The World Rivers project and The Demandments program are two global initiatives created and operated by Artist, Lee Tracy. As a thriving artistic public artwork, learners become involved in a dynamically effective experience. Project-based learning is an approach to teaching that centers on engagement.
Ms. Tracy's distinct public work is an adaptable teaching program, for both public and private schools, promotes high-level thinking and intellectual development by involving teachers and learners in joint acts of meaning-making and knowledge construction. Tracy's art and teaching are an artistic curricular influence that draws attention to global imperatives for change.
An educational discourse transforms the context of the classroom with patterns of interaction that are participatory, collaborative, and community oriented.As a visiting artist Ms. Tracy, enacts intersecting projects that encourage clarity in self-expression, enthusiasm for problem solving, and confidence for leadership.

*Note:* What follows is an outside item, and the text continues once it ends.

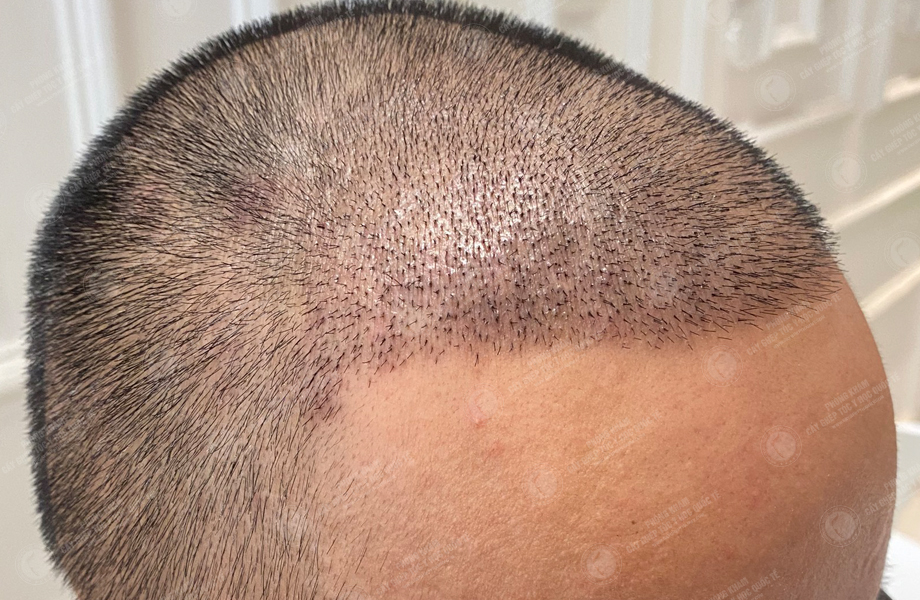 Phạm Văn Huân - Cấy tóc đường chữ M 5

World Rivers is a global participatory project responding to the essential element of water. Individuals from around the world dip white fabric in a local river. The fabric pieces are embroidered with the name of the river, location and then united together into a magnificent global curtain in process. By contributing to a growing global artwork, students realize their creativity is a means to bring about awareness, dialogue, and positive solutions.
World Rivers is a creative project that moves beyond traditional book learning and the walls of a school. World Rivers looks to the local neighborhood and natural surroundings for inspiration. Learning about the precious resource of water takes place through classroom interaction, field trips, and a collaborative performance. Studies illustrate both the cultural and historical traditions connected to our waterways.
Educational opportunities embrace all subjects in a less formal and more personal way. A collaborative performance cultivates a greater understanding and appreciation of environmental stewardship and how it pertains to them. Contributing to a global tactile artwork stimulates their personal power to influence and improve the world at large.
View river posts of the International schools that have participated in World Rivers:
Saigon South International School
International Community School of Abidjan
Universal American School in Dubia
Tsinghua International School in Beijing.
The Demandments program is an assignment where learners are positioned as contributors to the education process. Their voices are fully acknowledged. The program encourages students to express their concerns and to insert them into the public sphere using the power and persuasion of visual art and text. Students engage in exposing real-world problems and challenges in their own community. Created artworks are shared online in a forum showcasing the imperative voices of our planet's youth.
Classroom communication includes exploratory talk, dialogue and debate skills. Students learn how to seek information, gain an understanding of facts, and how to disseminate an informed opinion to others. Self-expression as a form of activism fosters a greater understanding of the importance of human justice, rights and needs. Digital tools offer children the opportunity to participate in a global creative action. The Demandments instills empathy and the assertiveness to effectivly use innovative tools of communication.
In collaboration with the school's art department, a lasting public work can be created that utilzes both text and visual subject matter. Themes of nature and sense of place are explored. Students are given a role in determining the work of art and how it is made. Materials vary and are kept affordable and are consistent conceptually. Past projects have used old windows, cloth, ceramic tiles, and plates. Students get to co-teach younger students as an opportunity to share what they have learned.
World Rivers and The Demandments have adaptable components for students of all ages and grades that are easily integrated into existing curriculum, time periods, different learning processes, and abilities. Educators shape the assignment using many entry points and a variety of disciplines.